** GIVEN DATA follows **

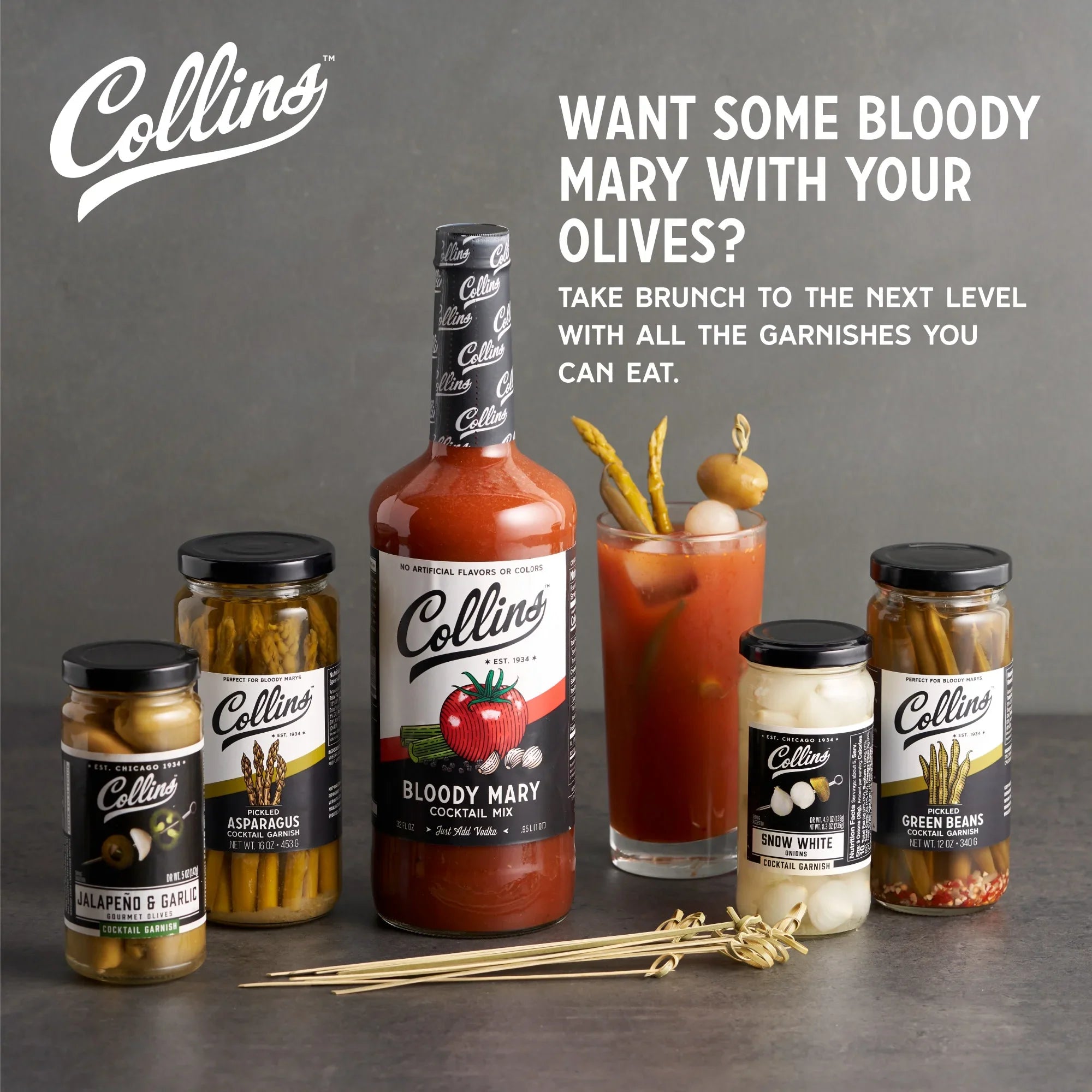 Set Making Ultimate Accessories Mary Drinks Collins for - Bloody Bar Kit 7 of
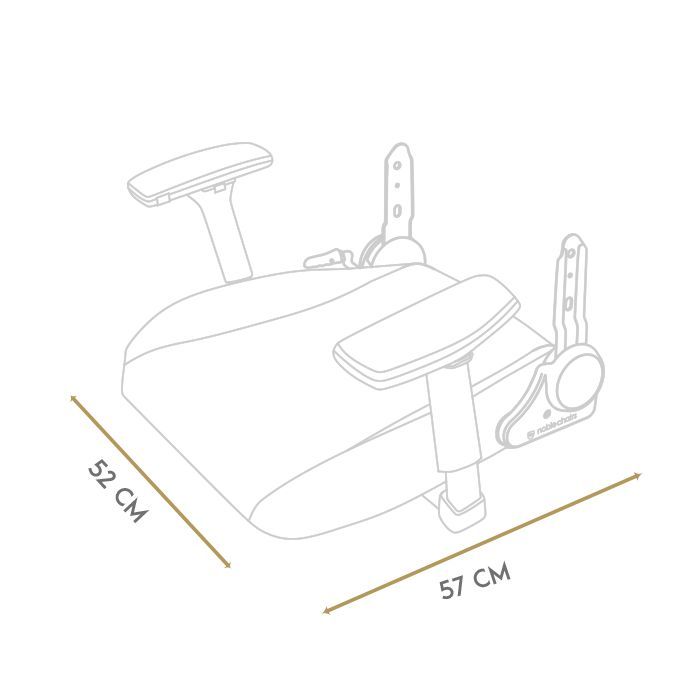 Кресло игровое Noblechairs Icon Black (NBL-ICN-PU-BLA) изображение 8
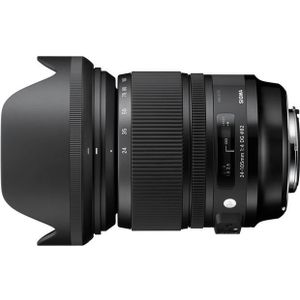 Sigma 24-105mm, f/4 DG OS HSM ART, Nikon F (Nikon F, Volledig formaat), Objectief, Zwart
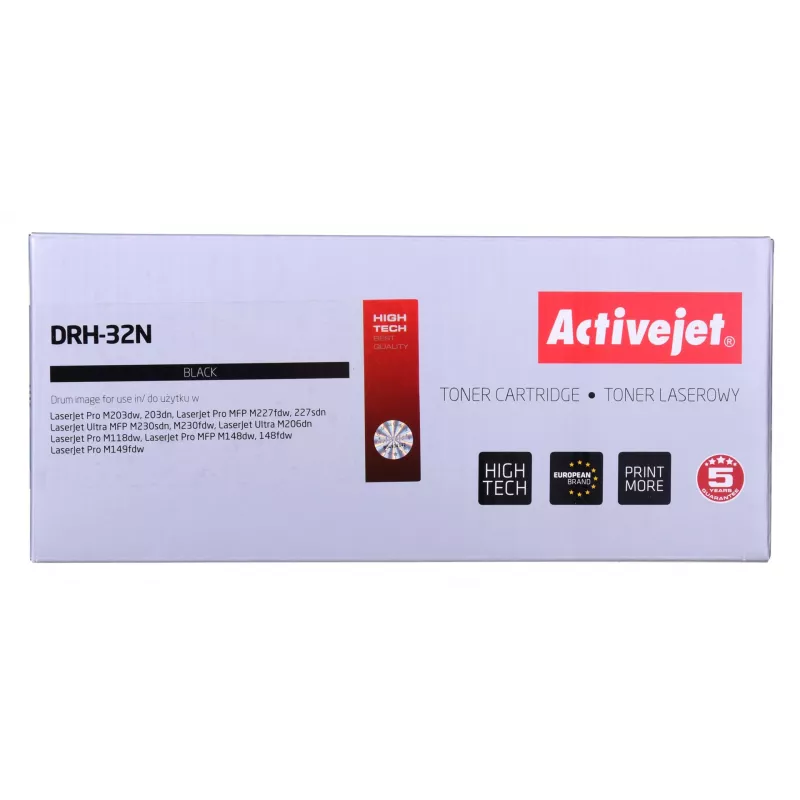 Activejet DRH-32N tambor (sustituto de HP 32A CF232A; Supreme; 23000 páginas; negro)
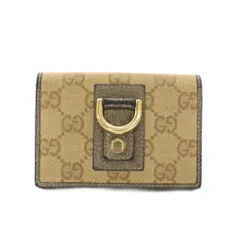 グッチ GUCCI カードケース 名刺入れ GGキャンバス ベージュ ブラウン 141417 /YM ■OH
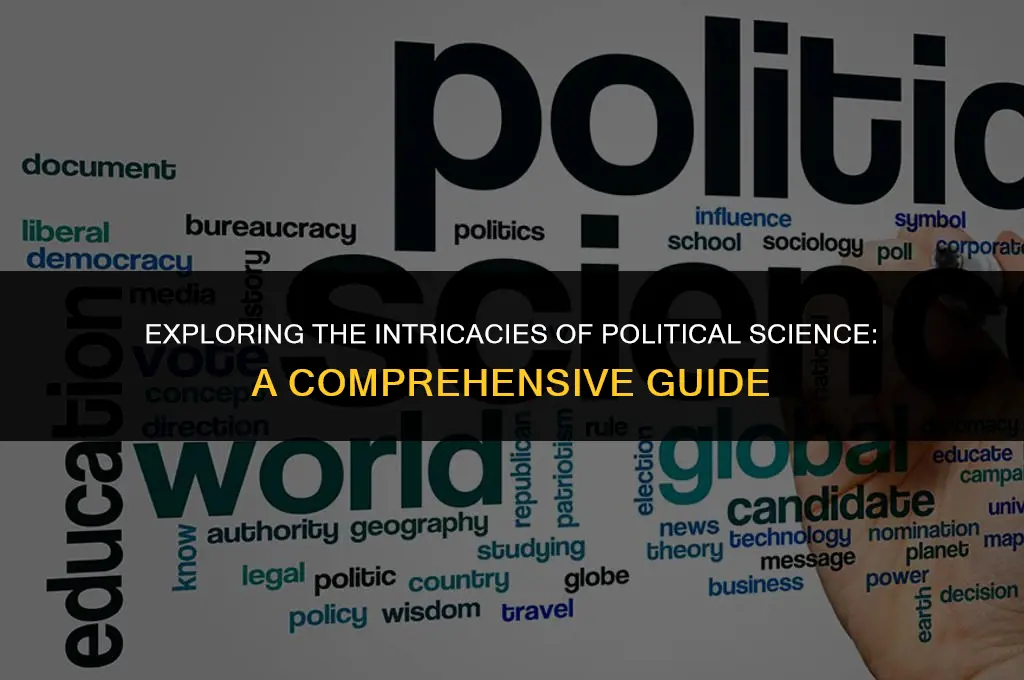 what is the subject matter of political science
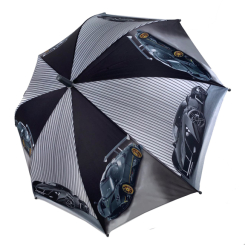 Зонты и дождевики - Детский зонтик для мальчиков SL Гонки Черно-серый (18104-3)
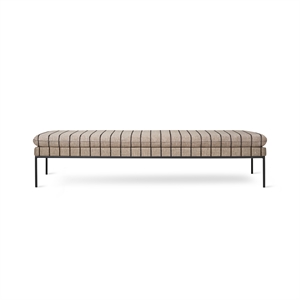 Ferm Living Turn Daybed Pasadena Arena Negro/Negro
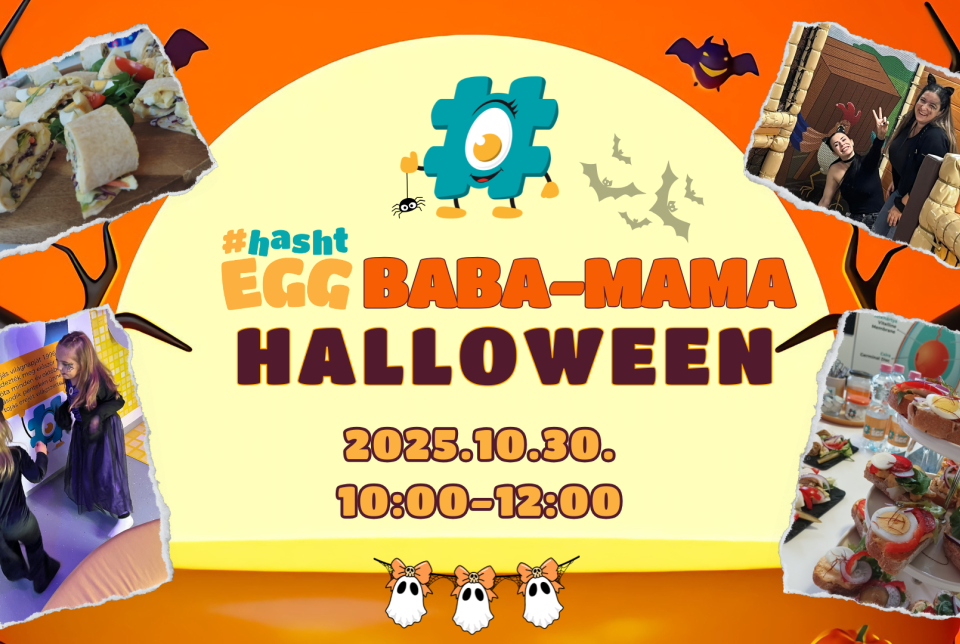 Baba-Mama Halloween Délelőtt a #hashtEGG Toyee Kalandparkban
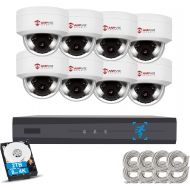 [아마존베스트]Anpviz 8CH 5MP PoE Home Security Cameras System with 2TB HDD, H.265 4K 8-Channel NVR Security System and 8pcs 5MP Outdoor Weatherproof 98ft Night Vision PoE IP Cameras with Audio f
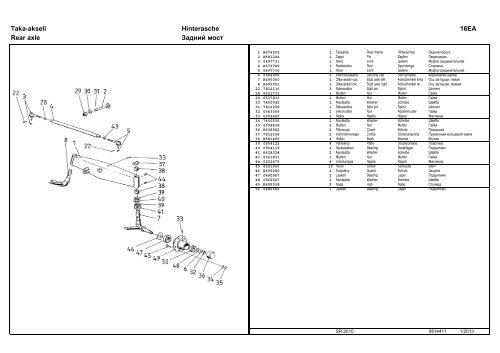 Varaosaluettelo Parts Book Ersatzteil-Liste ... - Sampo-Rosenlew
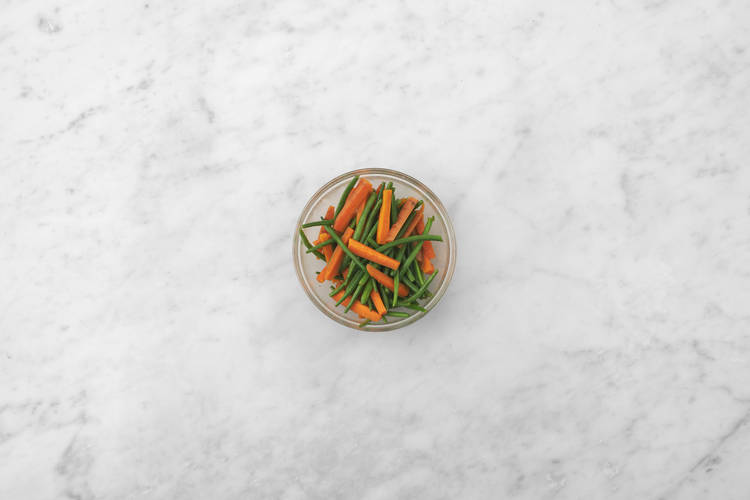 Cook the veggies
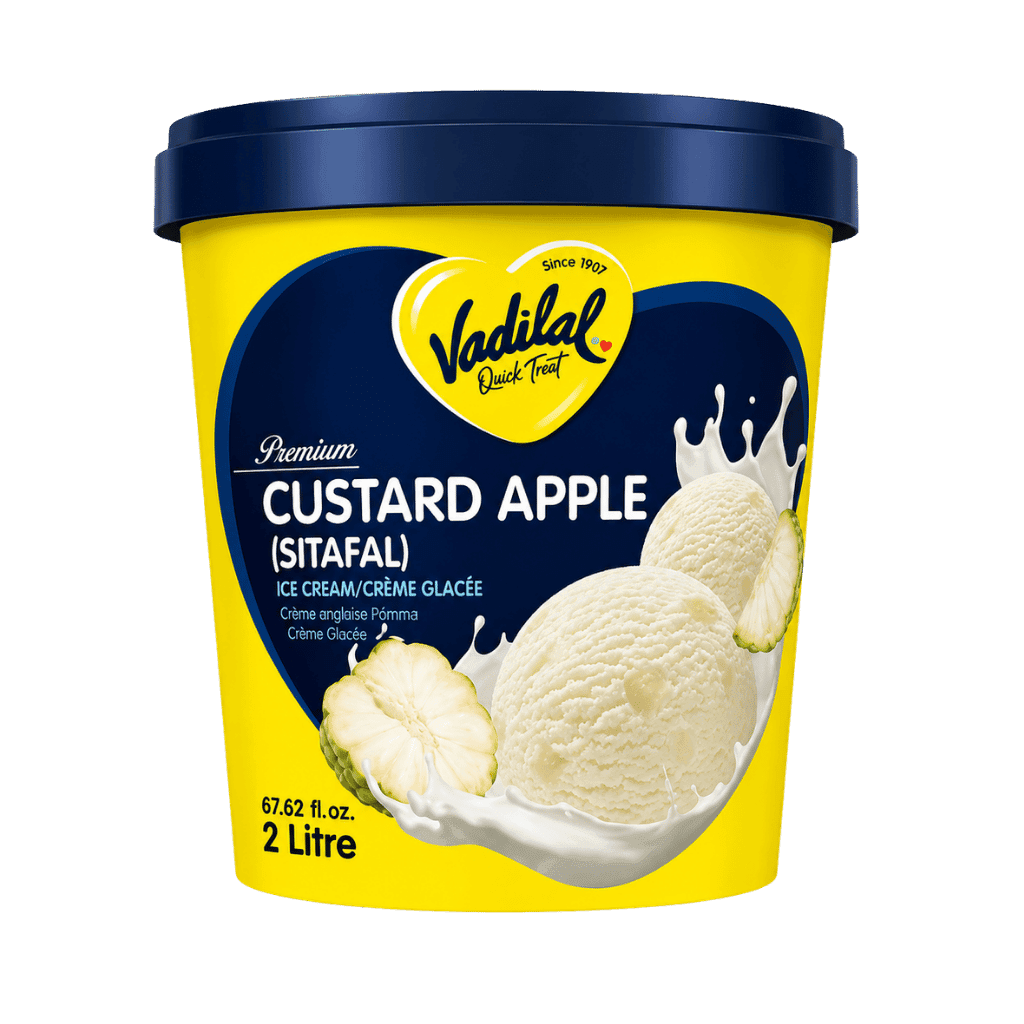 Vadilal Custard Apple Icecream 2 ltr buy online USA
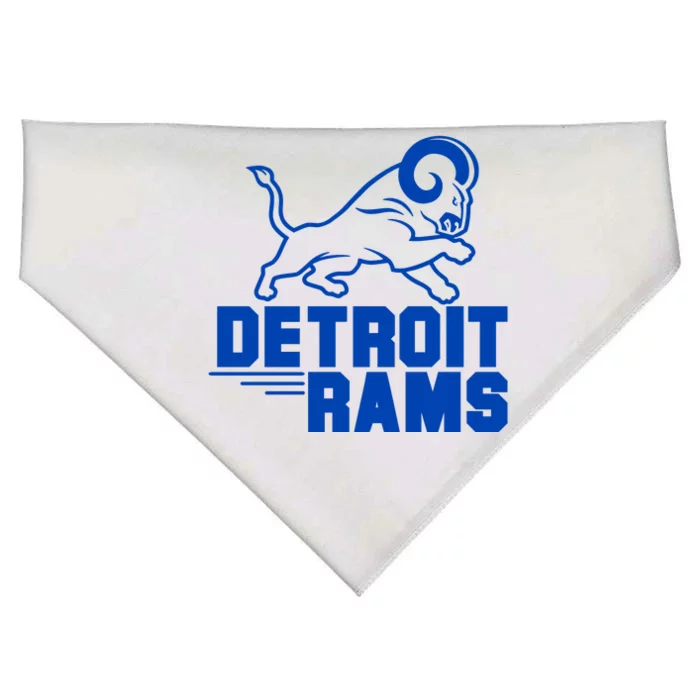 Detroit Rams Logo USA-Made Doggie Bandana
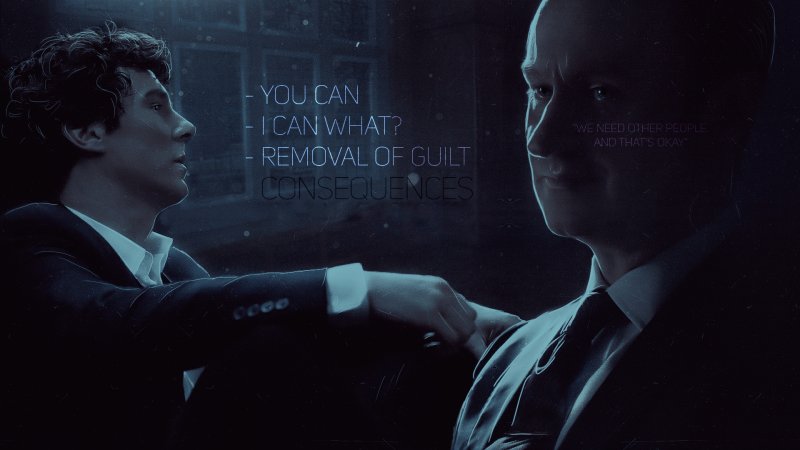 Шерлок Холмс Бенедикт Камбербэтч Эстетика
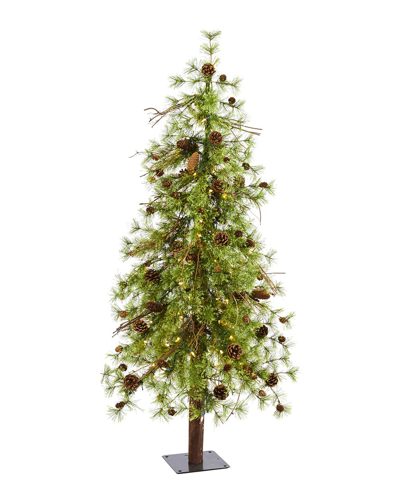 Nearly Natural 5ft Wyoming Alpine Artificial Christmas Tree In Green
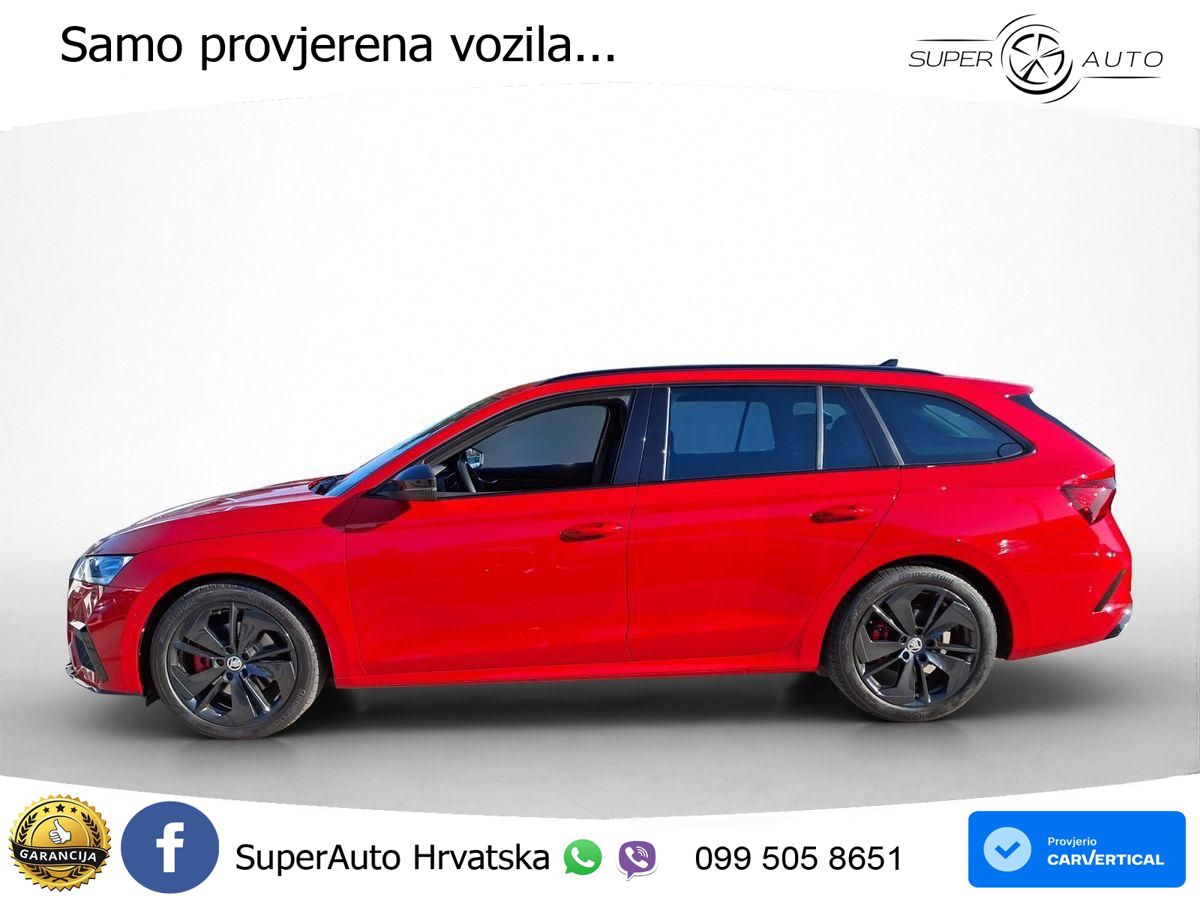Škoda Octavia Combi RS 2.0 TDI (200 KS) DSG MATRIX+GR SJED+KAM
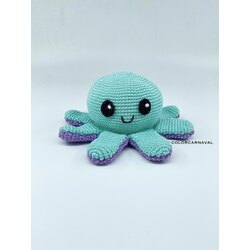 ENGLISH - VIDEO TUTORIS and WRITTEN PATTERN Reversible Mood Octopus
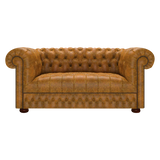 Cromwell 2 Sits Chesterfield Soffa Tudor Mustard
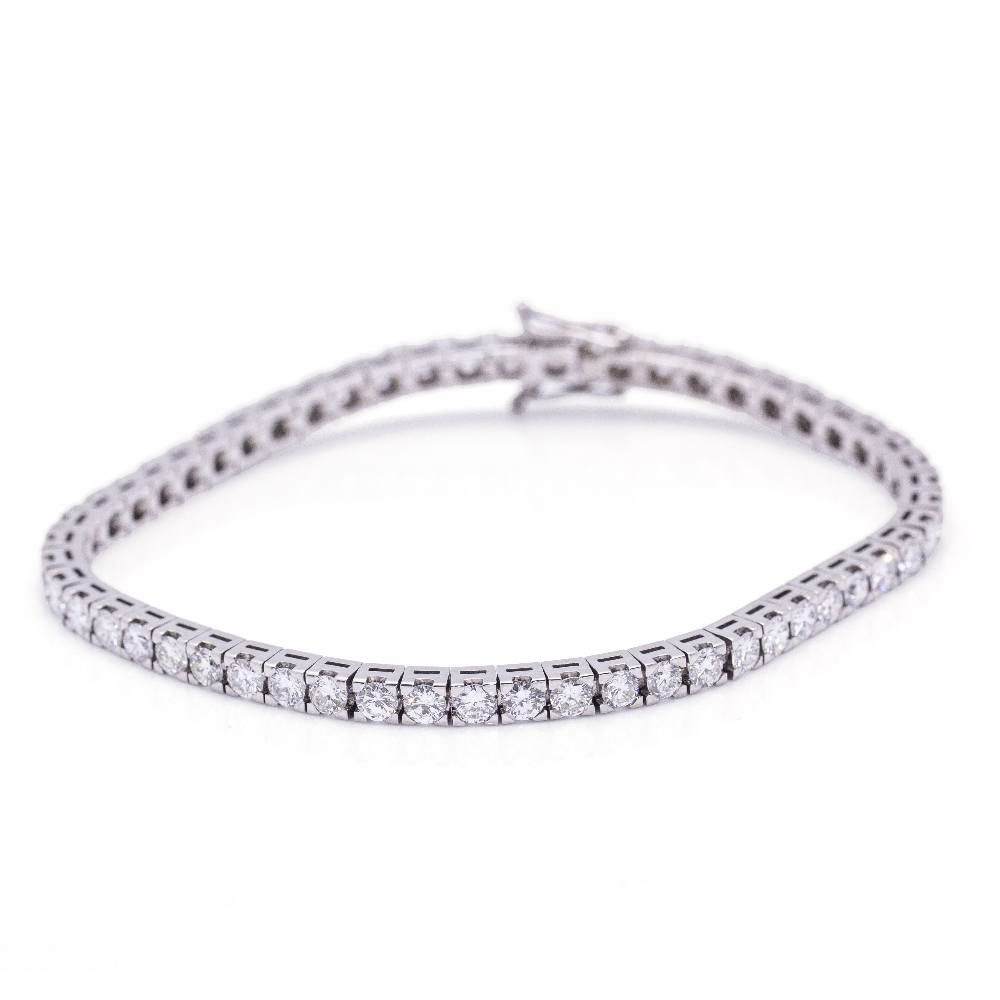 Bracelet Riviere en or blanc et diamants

** End of GIVEN DATA **

#### AIM OF THE EXERCISE:
Only one stretch of the listing is wanted: the lines starting at the one with "Кресло игровое Noblechairs" and ending at the one with "Baba-Mama Halloween Délelőtt", copied exactly and free of pictures.

#### EXERCISE OUTPUT:
 Кресло игровое Noblechairs Icon Black (NBL-ICN-PU-BLA) изображение 8
 Sigma 24-105mm, f/4 DG OS HSM ART, Nikon F (Nikon F, Volledig formaat), Objectief, Zwart
 Activejet DRH-32N tambor (sustituto de HP 32A CF232A; Supreme; 23000 páginas; negro)
 グッチ GUCCI カードケース 名刺入れ GGキャンバス ベージュ ブラウン 141417 /YM ■OH
 what is the subject matter of political science
 Зонты и дождевики - Детский зонтик для мальчиков SL Гонки Черно-серый (18104-3)
 Ferm Living Turn Daybed Pasadena Arena Negro/Negro
 Baba-Mama Halloween Délelőtt a #hashtEGG Toyee Kalandparkban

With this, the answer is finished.